October 22, 2016
Combustion optimization has become an absolute necessity for all combustion processes. Optimization improves efficiency, reduces environmental impact, minimizes maintenance requirements, delays maintenance shutdowns and reduces forced outages.
Poor control of the combustion process will cause problems such as soot formation, emission problems, hot spots and/or corrosion in the flue ducts. These issues will increase maintenance expenditures and reduce the life cycle of the plant, not to mention the fact that efficient combustion saves on fuel costs.
The most efficient combustion is achieved when the exact amount of fuel is mixed with the exact amount of air in precise conditions. While this is the targeted operating scenario, it is never achieved, and any variation in the fuel to air mix or a quick change in the furnace condition can cause incomplete combustion.

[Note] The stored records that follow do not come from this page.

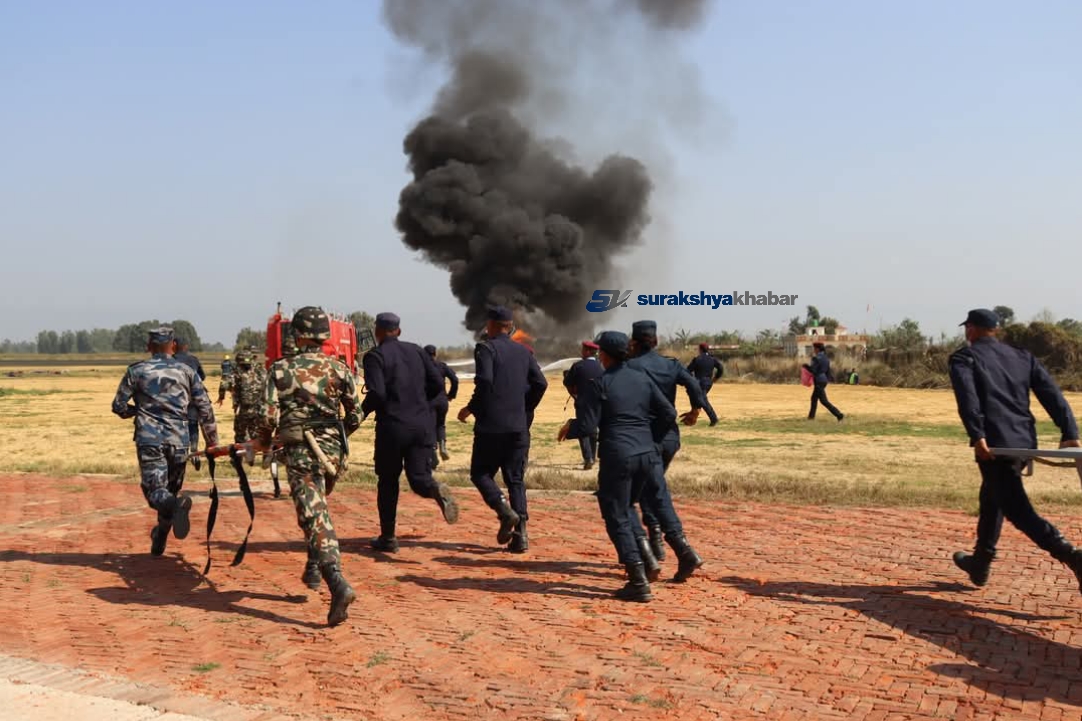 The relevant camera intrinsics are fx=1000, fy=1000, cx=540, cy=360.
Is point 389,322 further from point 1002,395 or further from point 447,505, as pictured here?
point 1002,395

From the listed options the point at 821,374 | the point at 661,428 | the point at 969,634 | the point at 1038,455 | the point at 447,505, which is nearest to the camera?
the point at 1038,455

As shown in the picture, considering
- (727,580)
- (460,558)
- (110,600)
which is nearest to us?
(110,600)

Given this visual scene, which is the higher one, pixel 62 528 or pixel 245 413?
pixel 245 413

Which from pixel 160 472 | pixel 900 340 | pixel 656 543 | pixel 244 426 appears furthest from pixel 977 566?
pixel 900 340

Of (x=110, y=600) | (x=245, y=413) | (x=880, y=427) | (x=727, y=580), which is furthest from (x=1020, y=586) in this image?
(x=880, y=427)

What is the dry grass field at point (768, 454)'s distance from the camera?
1038 centimetres

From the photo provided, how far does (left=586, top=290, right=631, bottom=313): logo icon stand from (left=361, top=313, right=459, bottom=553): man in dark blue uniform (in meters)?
42.4

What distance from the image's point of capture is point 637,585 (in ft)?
18.7

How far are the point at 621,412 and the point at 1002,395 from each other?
212 cm

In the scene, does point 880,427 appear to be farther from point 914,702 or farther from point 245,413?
point 914,702

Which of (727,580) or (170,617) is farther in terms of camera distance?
(727,580)

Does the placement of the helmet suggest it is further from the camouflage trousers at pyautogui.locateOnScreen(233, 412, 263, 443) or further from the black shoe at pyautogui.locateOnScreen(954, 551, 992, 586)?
the camouflage trousers at pyautogui.locateOnScreen(233, 412, 263, 443)

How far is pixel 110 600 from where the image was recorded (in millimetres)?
5816

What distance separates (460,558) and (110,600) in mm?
2299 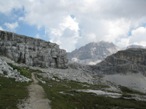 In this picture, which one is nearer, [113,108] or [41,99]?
[41,99]

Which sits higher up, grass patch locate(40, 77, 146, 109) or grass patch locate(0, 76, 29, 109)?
grass patch locate(0, 76, 29, 109)

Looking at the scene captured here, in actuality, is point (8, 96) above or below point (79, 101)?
above

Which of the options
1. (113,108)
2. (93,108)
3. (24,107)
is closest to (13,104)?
(24,107)

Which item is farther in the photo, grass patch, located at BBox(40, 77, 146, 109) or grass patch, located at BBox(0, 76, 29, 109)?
grass patch, located at BBox(40, 77, 146, 109)

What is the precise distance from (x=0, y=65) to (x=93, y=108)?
139 feet

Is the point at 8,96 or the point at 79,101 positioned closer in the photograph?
the point at 8,96

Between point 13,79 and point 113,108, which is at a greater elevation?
point 13,79

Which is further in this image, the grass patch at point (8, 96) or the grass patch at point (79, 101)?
the grass patch at point (79, 101)

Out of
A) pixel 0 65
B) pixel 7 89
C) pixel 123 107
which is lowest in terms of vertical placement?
pixel 123 107

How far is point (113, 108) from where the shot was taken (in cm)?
8219

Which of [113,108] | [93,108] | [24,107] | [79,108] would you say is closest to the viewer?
[24,107]

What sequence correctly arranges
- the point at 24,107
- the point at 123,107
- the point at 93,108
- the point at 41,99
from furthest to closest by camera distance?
the point at 123,107
the point at 93,108
the point at 41,99
the point at 24,107

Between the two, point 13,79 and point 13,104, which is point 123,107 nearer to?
point 13,79

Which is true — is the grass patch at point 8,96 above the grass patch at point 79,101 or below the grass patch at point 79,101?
above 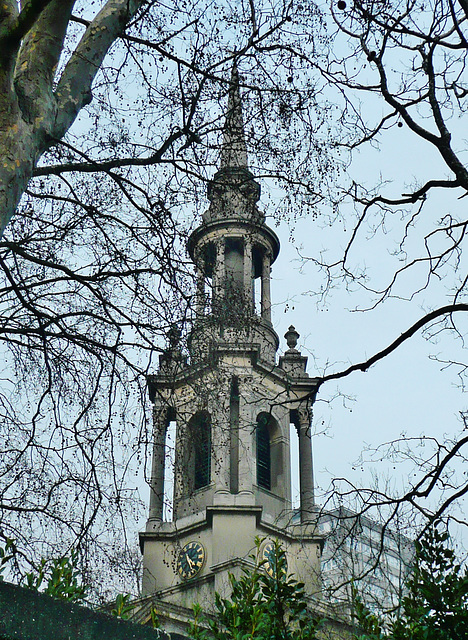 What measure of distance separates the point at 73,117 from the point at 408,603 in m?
4.39

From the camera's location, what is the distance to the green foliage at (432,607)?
248 inches

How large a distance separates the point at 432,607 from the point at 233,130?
5.10m

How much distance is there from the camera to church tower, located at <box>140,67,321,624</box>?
10125 mm

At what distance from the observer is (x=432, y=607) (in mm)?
6566

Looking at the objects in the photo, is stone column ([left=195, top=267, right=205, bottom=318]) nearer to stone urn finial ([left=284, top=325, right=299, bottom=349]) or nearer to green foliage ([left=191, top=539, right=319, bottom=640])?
green foliage ([left=191, top=539, right=319, bottom=640])

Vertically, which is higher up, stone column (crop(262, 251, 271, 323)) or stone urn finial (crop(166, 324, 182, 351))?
stone column (crop(262, 251, 271, 323))

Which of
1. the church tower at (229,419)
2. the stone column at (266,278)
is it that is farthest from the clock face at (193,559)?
the stone column at (266,278)

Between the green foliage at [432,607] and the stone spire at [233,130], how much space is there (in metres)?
4.50

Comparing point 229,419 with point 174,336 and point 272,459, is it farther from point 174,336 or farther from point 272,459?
point 272,459

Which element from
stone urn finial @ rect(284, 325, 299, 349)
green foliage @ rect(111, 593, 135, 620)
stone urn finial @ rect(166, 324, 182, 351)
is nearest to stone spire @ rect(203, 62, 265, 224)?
stone urn finial @ rect(166, 324, 182, 351)

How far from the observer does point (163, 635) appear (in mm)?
4848

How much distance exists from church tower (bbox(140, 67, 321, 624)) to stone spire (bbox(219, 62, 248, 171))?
1 centimetres

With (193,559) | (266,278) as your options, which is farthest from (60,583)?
(266,278)

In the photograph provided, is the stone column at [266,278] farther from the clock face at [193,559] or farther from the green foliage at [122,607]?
the green foliage at [122,607] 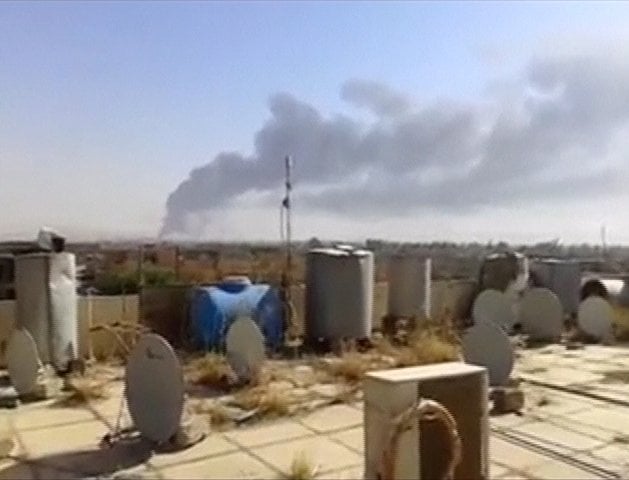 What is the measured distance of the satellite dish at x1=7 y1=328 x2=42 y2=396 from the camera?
24.4 feet

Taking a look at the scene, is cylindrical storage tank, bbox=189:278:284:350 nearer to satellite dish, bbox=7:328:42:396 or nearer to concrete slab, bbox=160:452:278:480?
satellite dish, bbox=7:328:42:396

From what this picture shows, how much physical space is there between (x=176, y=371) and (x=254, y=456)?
86 cm

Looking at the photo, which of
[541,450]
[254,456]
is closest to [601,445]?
[541,450]

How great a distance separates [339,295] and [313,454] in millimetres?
4757

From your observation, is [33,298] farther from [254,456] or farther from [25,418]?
[254,456]

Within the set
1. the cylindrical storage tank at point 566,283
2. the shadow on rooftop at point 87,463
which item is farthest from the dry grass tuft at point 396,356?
the cylindrical storage tank at point 566,283

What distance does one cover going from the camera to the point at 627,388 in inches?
318

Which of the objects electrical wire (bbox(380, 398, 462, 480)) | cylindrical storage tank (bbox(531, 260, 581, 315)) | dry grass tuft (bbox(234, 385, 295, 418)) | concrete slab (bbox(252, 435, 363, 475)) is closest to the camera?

Under normal boiler processes, if there is incomplete combustion of hydrocarbon fuel, the exhaust gases are water, carbon dioxide, carbon monoxide, hydrogen, oxygen, plus aldehydes. If Sulphur (present in many fuels) is added, plus nitrogen and oxygen from the air, the list of gases in the exhaust will then include Sulphur Oxides (SO, SO2), Nitrogen Oxides (NO, NO2) plus Nitrogen. Nitric Oxide and Nitrogen Dioxides (generally called NOx) are the main pollutants produced by combustion. Thermal NOx is produced when nitrogen and oxygen are combined at high flame temperatures.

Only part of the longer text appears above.